I should mention a new crime novel that popped earlier this month, since it’s got the local angle for those of you who may be collecting San Francisco mysteries — rife with Bay Area action, though toward the end it moseys down into Guatemala as if influenced by Kent Harrington. I thought of Kent’s Frisco/Guatemala crossovers more than once as I was reading this one.

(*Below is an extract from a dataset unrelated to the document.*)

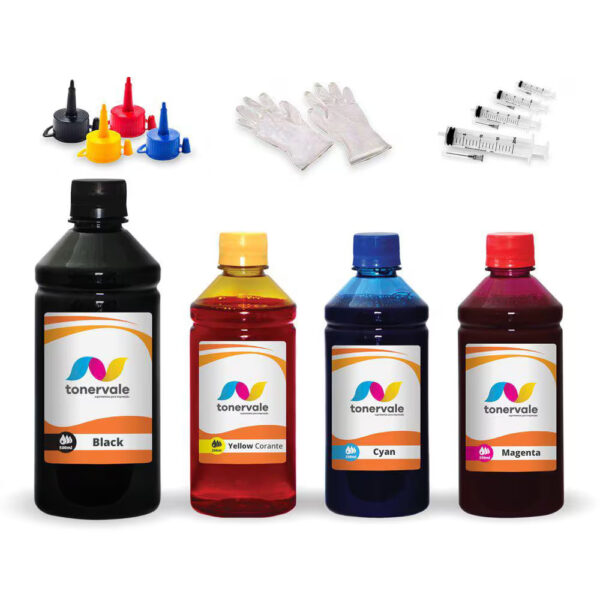 Kit 4 Tinta Para Epson L4160 T504120 CMYK 1,25 Litros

I did my more weighty review of Bradley Spinelli’s The Painted Gun elsewhere — you can catch a few of my anonymous lines on the Amazon page (and a couple I didn’t write, from the same review). Overall, I enjoyed it, seeing it as something of a romp through a variety of “mystery” stylings. A hard-boiled start with a couple of paragraphs about inhaling cigarette smoke. A nice run of puzzle mystery clewing. Kind of a little tour de force — though one big serious fan of crime writing on Mystery*File seemed bothered by it. I don’t think Spinelli was trying to out-Pynchon Thomas Pynchon, myself, but I guess I could be wrong.

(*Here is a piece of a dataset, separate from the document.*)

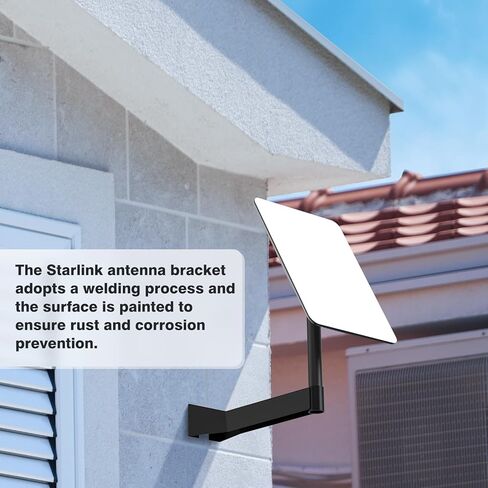 Starlink Mount - Long Wall Mount, Starlink Wall-Mounted Mount, Starlink Mounting Kit for Starlink Internet Kit Satellite, J-Mount Compatible with Starlink for Wall Eave Fascia Installation in Kuwait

For purposes of These Mean Streets, the author blurbs mention that Spinelli lived in the Bay Area awhile, notably South San Francisco where the protagonist also lives. Most of the local details are good, though with any of these books you look — or I look — for details that don’t ring right.

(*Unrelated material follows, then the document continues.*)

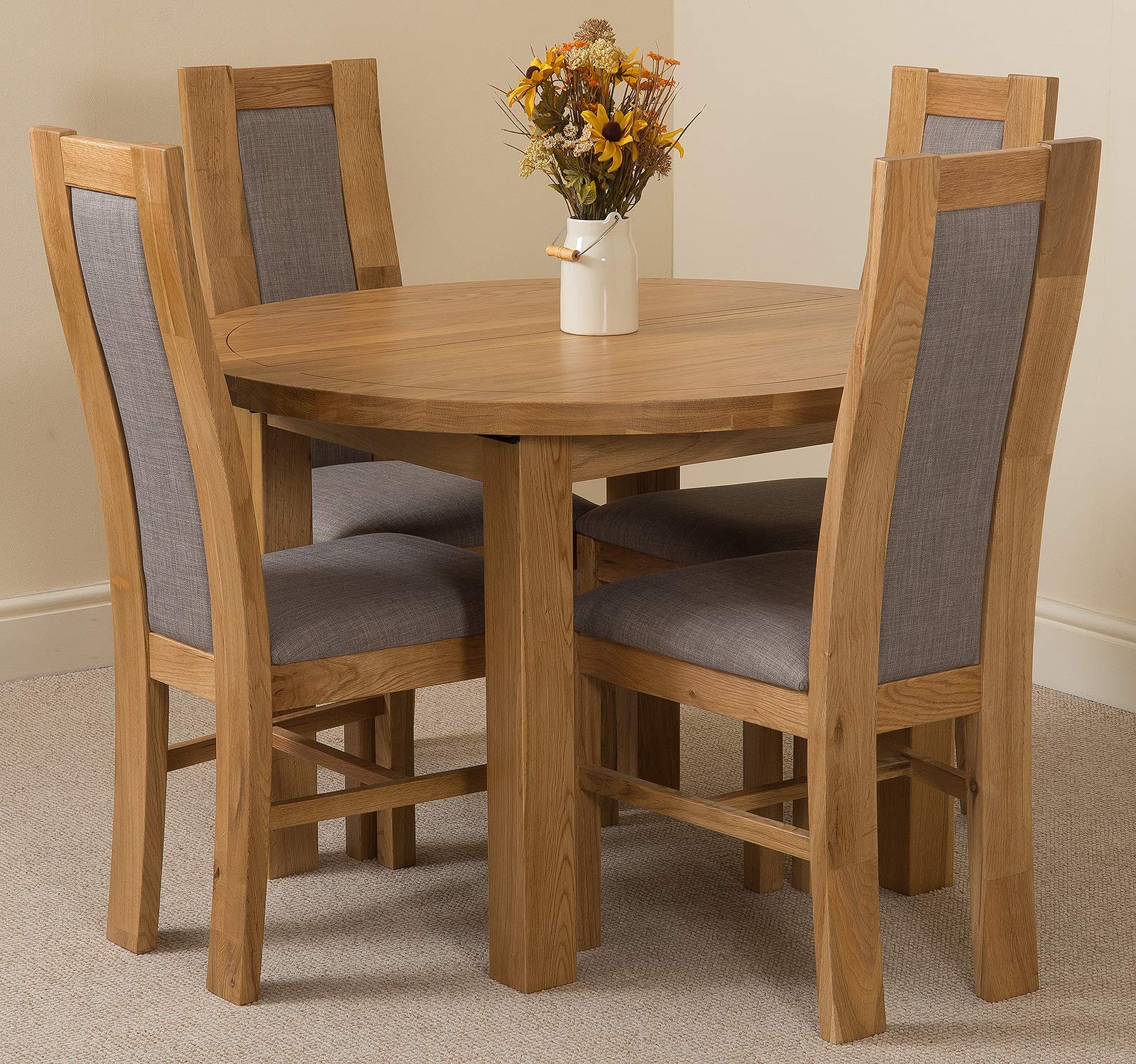 Buy Edmonton 110140 cm Oak Extendable Round Dining Table and 4 Chairs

Spinelli has been based in Brooklyn lately, and clearly wasn’t on scene to triple-check every Friscoid detail.
Just from memory, he suggests that Hill Street kind of where it intersects Valencia is just one block long, but it picks up again for several blocks as it climbs the rocky slope to the west.
In route to some scenes in Chinatown from Market there is the suggestion that a hill of some consequence is in the way, but that route is mostly flat by San Francisco standards — unless you go around the wrong way and have to trudge over Nob Hill, or get really lost and find yourself on some rocky outcropping of Russian Hill.
And there’s a scene where the Mission Street bus is running along Market, which I can’t wrap my mind around — though admitting that perhaps at the very time Spinelli was in town soaking up the atmosphere it may have been detoured for some sort of construction.
For this sort of thing, three quibbles isn’t bad — after all, Robert B. Parker put the toll booths on the wrong end of the Golden Gate Bridge in one of his Spenser novels.